Ouço atenciosamente a conversa. O pai conseguiu notar minha falta a tempo e, desesperado, telefonou para sua vizinha da frente, que confirmou a presença de sua filha na casa. Os dois, então, chegam a tempo de interromperem as preliminares.

_ Quem a autorizou? – pergunta, a voz carregada de fúria e desespero, o pai.

_ Mas, pai, eu, eu... – gagueja a menina, inerte e nua, enquanto seu amigo a cobre com uma toalha.

_ Você nada! Vai ficar um mês trancafiada em casa, sua piranha juvenil. Vê se tem cabimento! Já sei, vou te matricular num internato de freiras, isso sim. Te prepara, dondoca.

E a menina sai, chorando, puxada pela orelha, enquanto o rapaz é contemplado pelo olhar benevolente da mãe. Não tem jeito, meninos sempre serão mais bem compreendidos...

3 Comentários:

Blogger Mariana disse:

Porra, preciso comentar algo???????

Sem palavras pra esse texto... Ele é muuuuuuuuuuuuuuuuuuuuuuuuuuuuuuuuuuuuuito foda, ultrapassa os limites de qqr coisa q possa ser classificada como criativa! Adoro o ar sarcástico da garrafa e a maneira como ela fala com o leitor. Sem contar q o primeiro parágrafo engana bem, parece q é uma mulher falando de suas amigas. XD

Parabéns, Nuala. Começou com dois pés direitos nas Trovadoras de Minerva!

5/25/2005 12:25 AM  
Anonymous Anônimo disse:

Ah, gostei tbm! Muito legal.Tah de parabéns! Vc escreve muito bem, não precisava ficar com medo de a gente não gostar. Um bjão.

5/25/2005 6:05 PM  
Blogger Paty disse:

Esse me surpreendeu muito! Jamais pensei que alguém fizesse o ponto de vista da garrafa. E que garrafa simpática, diga-se de passgem! Bem-humorada e observadora mordaz dos humanos. O primeiro parágrafo nos faz pensar em uma mulher thirtysomething estilo Sex in the City. O segundo, machadiano até a medula, desfaz a impressão com estilo.

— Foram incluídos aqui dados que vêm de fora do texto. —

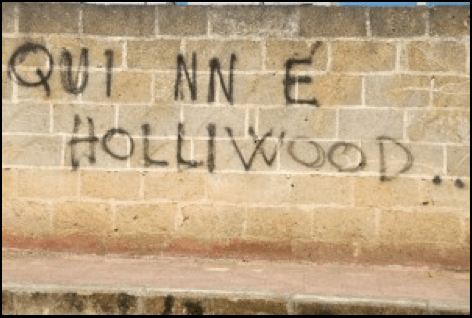 a brick wall has the word hollywood spray painted on it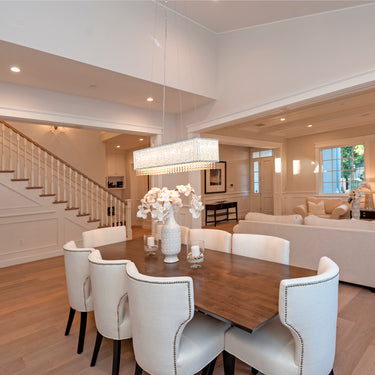 ET2 Spiral rectangular crystal bead pendant over a dining table in an open-plan room with a staircase and sitting area behind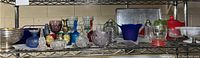 Front shelf view showing various colored and clear glass items arranged on a metal wire shelf including bowls, vases, and decorative glassware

E bota estilo nisso, adoro o senso de humor particular presente em expressões como "putas retornáveis", "as crianças estão loucas, meu Deus" ou "piranha juvenil". E o clima de conversa com o leitor é ótimo.

Texto leve, divertido e cheio de sarcasmo. Não tinha como eu não gostar, né? :) Como disse a Mari, começou com os dois pés direitos!!!